##### Provided information #####

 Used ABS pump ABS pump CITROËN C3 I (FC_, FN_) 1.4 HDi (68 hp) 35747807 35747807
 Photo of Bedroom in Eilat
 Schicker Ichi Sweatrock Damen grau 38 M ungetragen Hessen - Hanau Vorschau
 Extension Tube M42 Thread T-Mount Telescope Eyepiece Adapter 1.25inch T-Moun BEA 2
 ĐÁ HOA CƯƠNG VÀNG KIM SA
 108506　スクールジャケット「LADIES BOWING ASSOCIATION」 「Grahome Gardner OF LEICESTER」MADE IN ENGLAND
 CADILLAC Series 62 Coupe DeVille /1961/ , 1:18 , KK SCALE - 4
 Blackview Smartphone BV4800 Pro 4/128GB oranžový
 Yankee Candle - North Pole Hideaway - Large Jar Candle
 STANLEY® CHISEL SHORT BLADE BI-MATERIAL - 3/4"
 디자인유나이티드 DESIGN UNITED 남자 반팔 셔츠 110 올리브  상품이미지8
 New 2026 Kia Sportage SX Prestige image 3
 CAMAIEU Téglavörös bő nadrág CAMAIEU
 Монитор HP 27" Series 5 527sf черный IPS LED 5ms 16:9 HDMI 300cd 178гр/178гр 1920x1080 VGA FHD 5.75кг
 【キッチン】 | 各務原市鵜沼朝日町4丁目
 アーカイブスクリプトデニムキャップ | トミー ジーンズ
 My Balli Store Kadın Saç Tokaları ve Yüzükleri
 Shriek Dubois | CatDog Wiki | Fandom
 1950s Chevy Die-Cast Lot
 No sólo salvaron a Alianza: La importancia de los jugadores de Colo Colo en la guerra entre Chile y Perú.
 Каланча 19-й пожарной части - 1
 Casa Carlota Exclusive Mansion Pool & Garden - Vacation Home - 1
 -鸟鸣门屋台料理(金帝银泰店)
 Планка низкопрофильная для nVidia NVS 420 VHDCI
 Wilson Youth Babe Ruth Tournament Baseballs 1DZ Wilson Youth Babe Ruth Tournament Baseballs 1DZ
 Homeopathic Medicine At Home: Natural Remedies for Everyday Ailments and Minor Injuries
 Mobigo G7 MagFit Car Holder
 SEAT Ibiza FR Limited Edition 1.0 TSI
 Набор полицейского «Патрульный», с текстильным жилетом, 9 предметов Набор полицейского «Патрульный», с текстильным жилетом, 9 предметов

#####

Description of the task => The lines above from the one with "VGA FHD 5.75кг" through the one with "1950s Chevy Die-Cast Lot" are to be duplicated exactly, ends included, with nothing added.

Exercise result =>
 Монитор HP 27" Series 5 527sf черный IPS LED 5ms 16:9 HDMI 300cd 178гр/178гр 1920x1080 VGA FHD 5.75кг
 【キッチン】 | 各務原市鵜沼朝日町4丁目
 アーカイブスクリプトデニムキャップ | トミー ジーンズ
 My Balli Store Kadın Saç Tokaları ve Yüzükleri
 Shriek Dubois | CatDog Wiki | Fandom
 1950s Chevy Die-Cast Lot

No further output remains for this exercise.